PPE is needed to protect workers from dust and other hazards, such as the noise generated by the blasting equipment and the abrasive projectiles. An abrasive blasting respirator must cover the worker’s head, neck, and shoulders. Other PPE includes hearing protection, eye and face protection, a helmet, gloves, and safety boots. All PPE should be inspected daily to ensure they are not broken or worn down.
The blasting operation needs to be contained to protect other workers. This can be done by performing the operation in blast rooms or blast cabinets, by using barriers and curtain walls, or by creating a restricted area if the operation is not enclosed. An exhaust ventilation system is also needed to capture dust generated by the process.
Here is an example of an abrasive blast room for an industrial environment.
If you need guidance to manage safety, you can use the OSHA’s factsheet on how to protect workers from abrasive media blasting.
Due to its abrasive nature, grit blasting can lead to part deformation, inconsistent results, and surface contamination. To prevent quality issues, it’s important to maintain the equipment, replace degraded grits, mask sensitive areas on parts, and clean up dust residues.
Here is an overview of what you need to know about inconsistencies that can occur:
Grit blasting systems come with important downsides. The dust byproduct is a nightmare to manage, surfaces can get damaged, and manual masking to protect other areas is tedious.
While most manufacturers are used to managing these downsides, others are turning to alternatives. Let’s look at what solutions are available to address these issues.
Laser texturing can drastically improve how surface preparation is performed on metal surfaces—especially when precision is needed or when processing a large number of parts. Laser texturing can modify the surface texture as needed and remove all types of contaminants at the same time. You can learn more about laser texturing here.
Dry ice blasting is the non-abrasive version of grit blasting. The process uses dry ice pellets for a much softer touch. It also does not leave blasting residues behind, with CO2 gas venting into the atmosphere instead.

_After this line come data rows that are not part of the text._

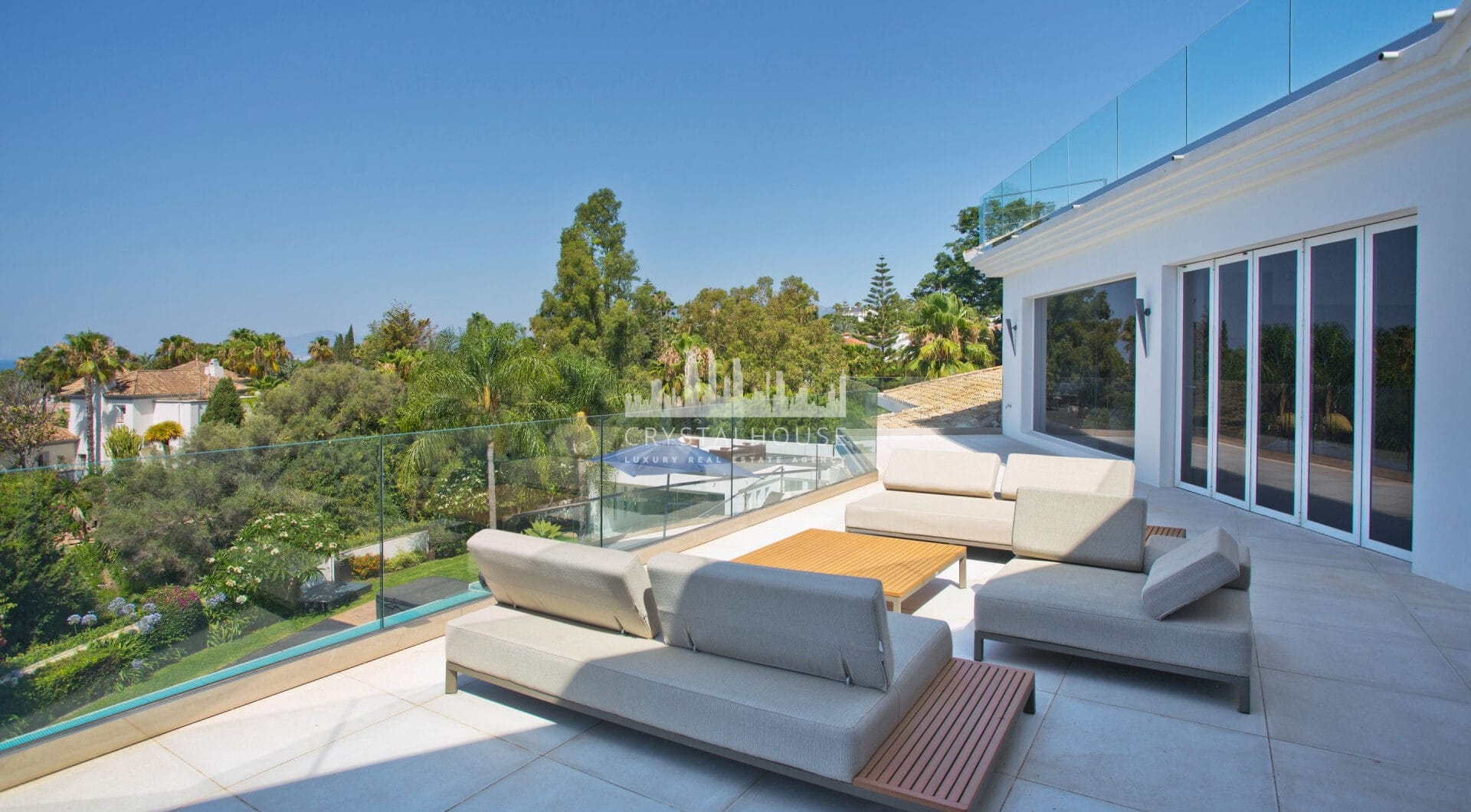 Nowoczesna, luksusowa willa z 7 sypialniami i panoramicznym widokiem na morze w Hacienda Las Chapas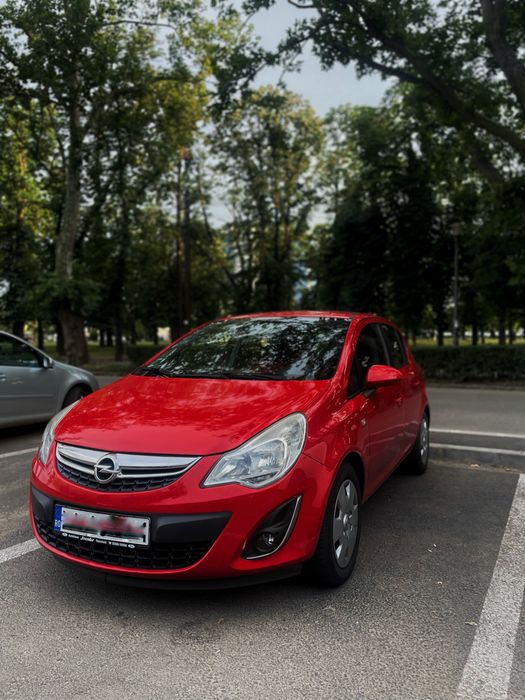 Vând Opel Corsa 1.2 – 2011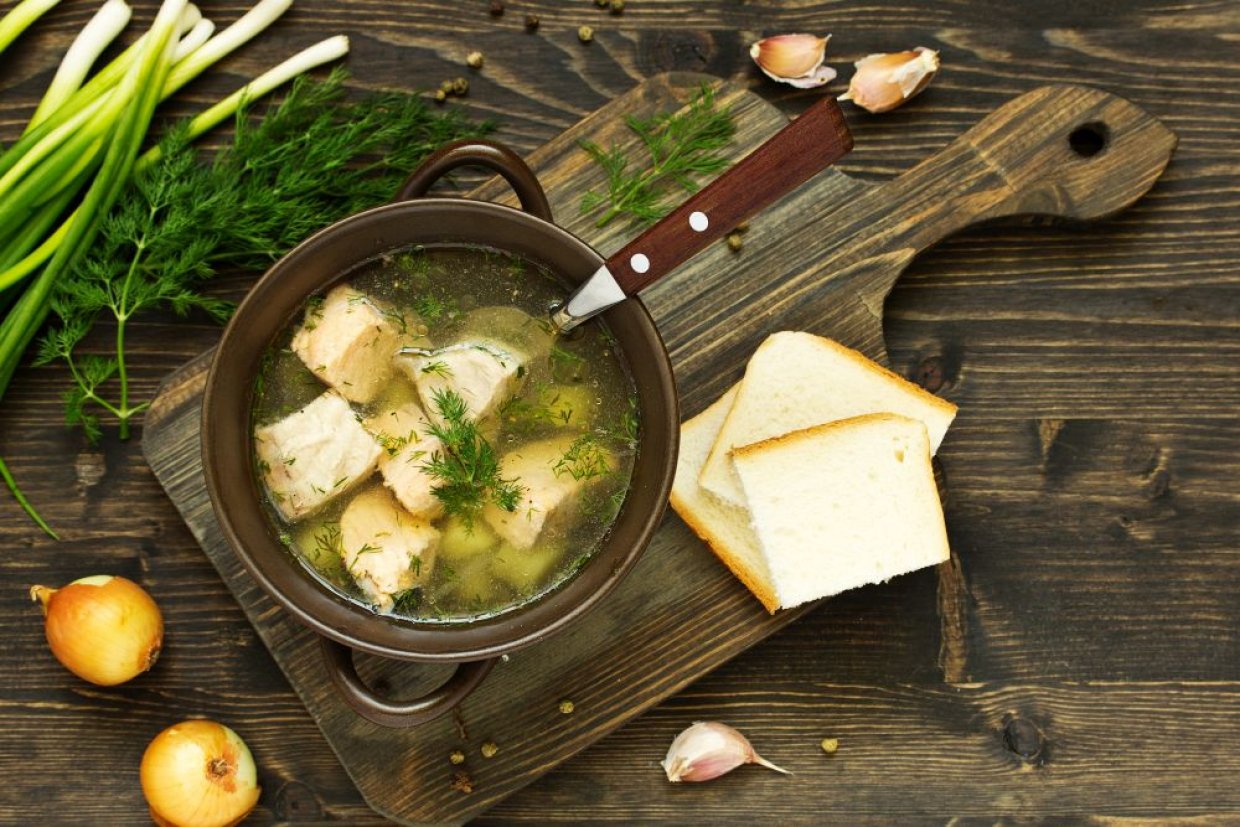 Рыбный суп-уха из осетрины с овощами и зеленью Рыбный суп-уха из осетрины с овощами и зеленью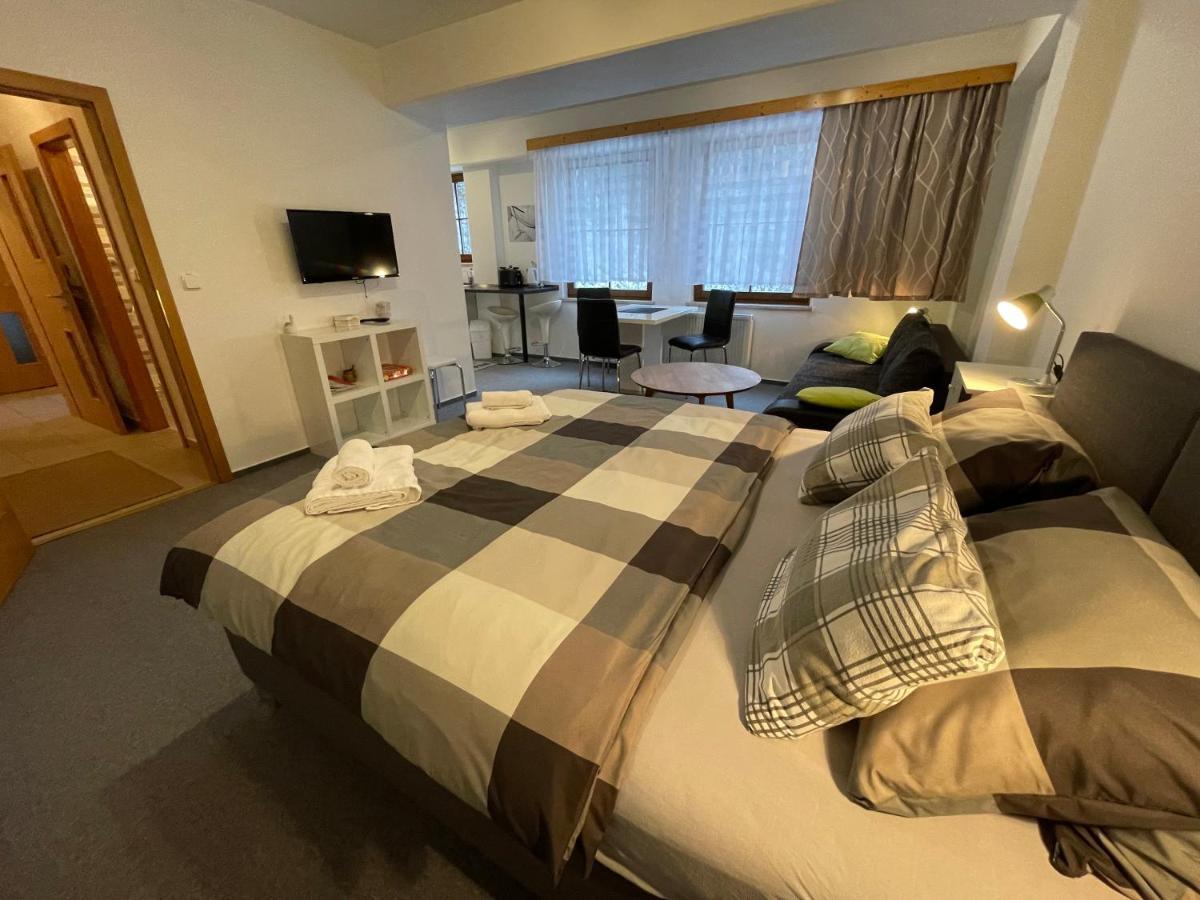 Apartmany U Posty ヤーヒモフ エクステリア 写真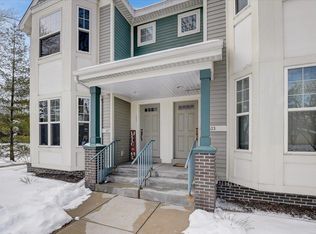 527 E Main St, Sun Prairie, WI 53590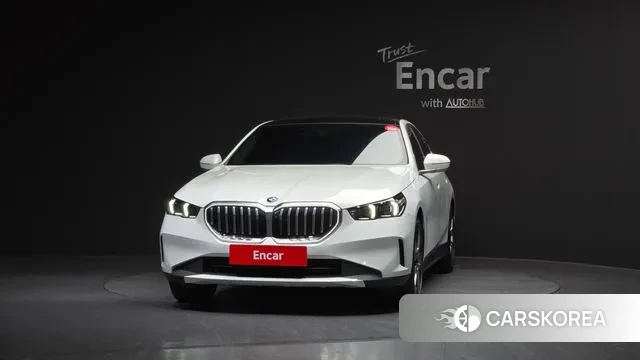 BMW 5 Series (G60) id 3739507 из Кореи 13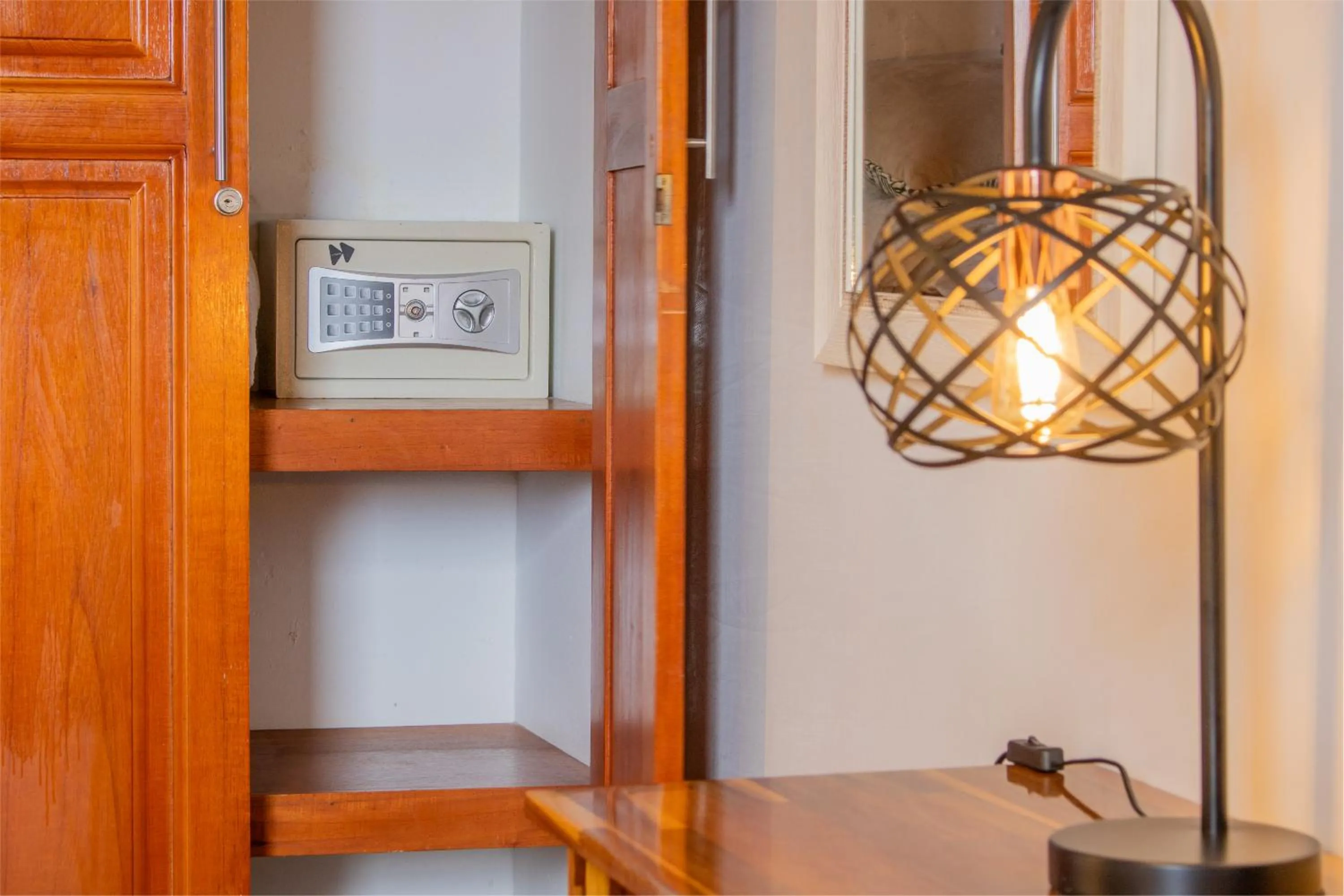 wardrobe in Hotel Casa Centenario Getsemaní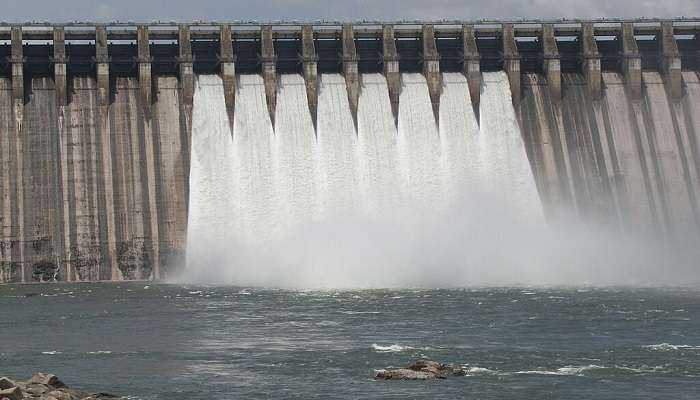 Near Nagarjunasagar Dam blazes the beauty of the Ethipothala Waterfall.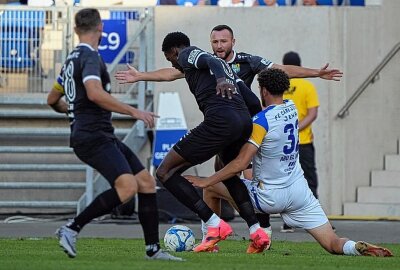 CFC verliert knapp beim Spitzenreiter! - Eshele, der von Beginn an spielte, hatte zwei gute Gelegenheiten, um einen Treffer zu erzielen. Foto: Marcus Hengst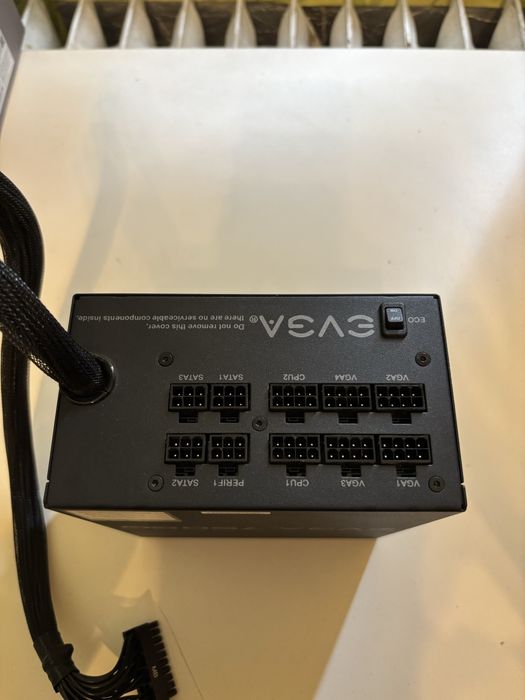 Захранване EVGA 750 GQ Gold я(полумодулно)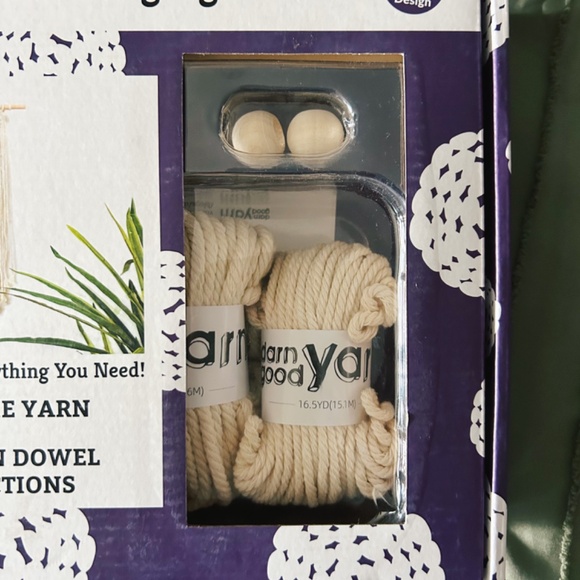Darn Good Yarn DIY Marcame Wall Hanging Kit - Picture 4 of 6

You can learn more about dry ice blasting here.
Laser texturing is a good solution if you need to treat localized areas on a part, automate your process, prevent damage on your substrate, eliminate dust problems, or process a large volume of parts.
If you think you could benefit from laser texturing, contact our laser experts today. They will review your application and tell you if it is a good option for you.
With a PhD in Laser Processing, Alex is one of the two laser experts who founded Laserax. He is now Vice President and Chief Technology Officer, overseeing the team that develops laser processes for laser marking, cleaning, texturing, and welding applications.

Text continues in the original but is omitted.